La salida de Ángel Aguirre Rivera como gobernador de Guerrero, que se dio finalmente el viernes 27 de octubre, era inevitable; nada justificaba su permanencia al frente del Poder Ejecutivo del vecino estado. No obstante, la dirigencia del PRD, encabezada por Carlos Navarrete, estuvo dispuesta a defenderlo hasta la ignominia.
La promesa del presidente Peña Nieto de que no habrá impunidad sigue pendiente. Por lo pronto el compromiso presidencial del 15 de octubre, de que habría resultados rápidos en la búsqueda de los normalistas quedó sólo en palabras.

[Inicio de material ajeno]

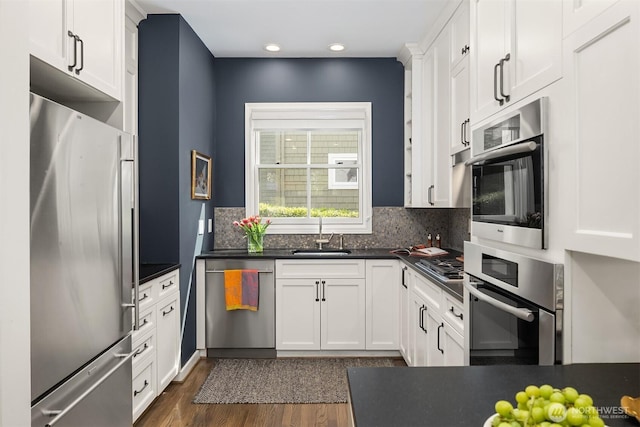 kitchen featuring white cabinets, dark countertops, appliances with stainless steel finishes, a sink, and backsplash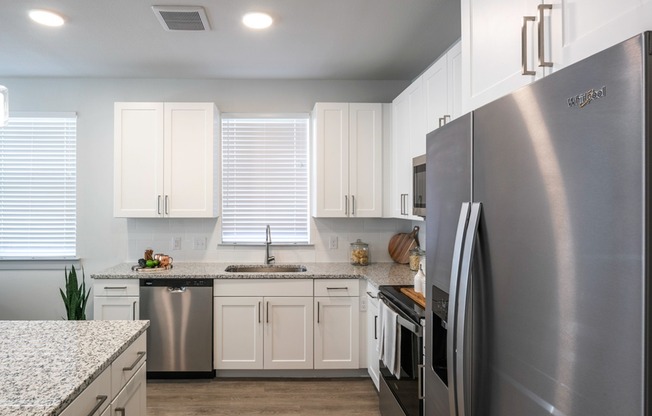 Elevate your kitchen experience with Modera Georgetown's ENERGY STAR® stainless steel appliance package. From the double-door refrigerator with a water and ice maker, every detail is crafted for modern living.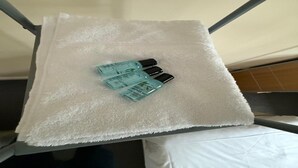 Una tovallola blanca sobre una prestatgeria de metall amb tres ampolles de loció corporal.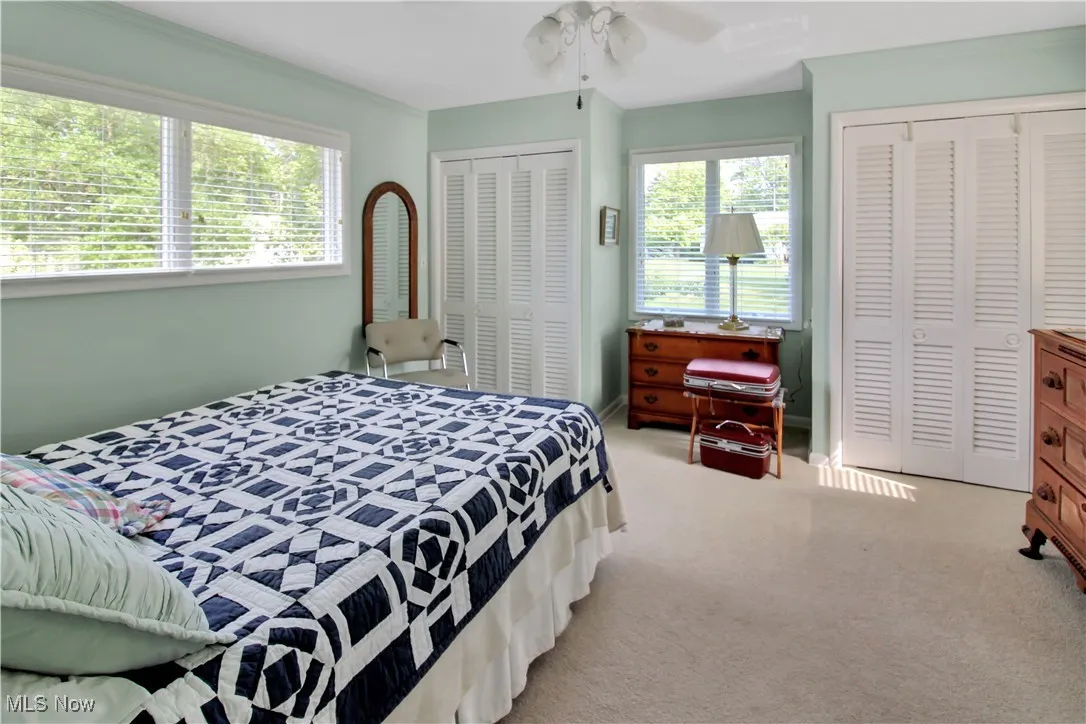 Bedroom with multiple closets, multiple windows, light colored carpet, and a ceiling fan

Tlatlaya y Ayotzinapa nos regresaron a la realidad; la imagen del país que se perfilaba a alcanzar mayores niveles de progreso, que competiría en los mercados internacionales y atraería inversiones, se esfumó. México enfrenta la mayor crisis de inseguridad después de la consolidación de los gobiernos revolucionarios. El caso Tlatlaya demostró que en nuestro país ocurren ejecucionesextrajudiciales; soldados del Ejército Mexicano, que deberían ser garantes de la ley, estuvieron implicados en asesinatos; las autoridades del estado de México se prestaron a borrar evidencias y hacer pasar los crímenes como un enfrentamiento entre soldados y delincuentes. El caso Ayotzinapa, además de exhibir la ausencia de un estado de derecho, la falta de respeto a la libertad y a la vida humana; demuestra también que el modelo del Estado mexicano está agotado, el municipio es su eslabón más débil, la delincuencia financia a candidatos y los gobernantes se coluden con el crimen.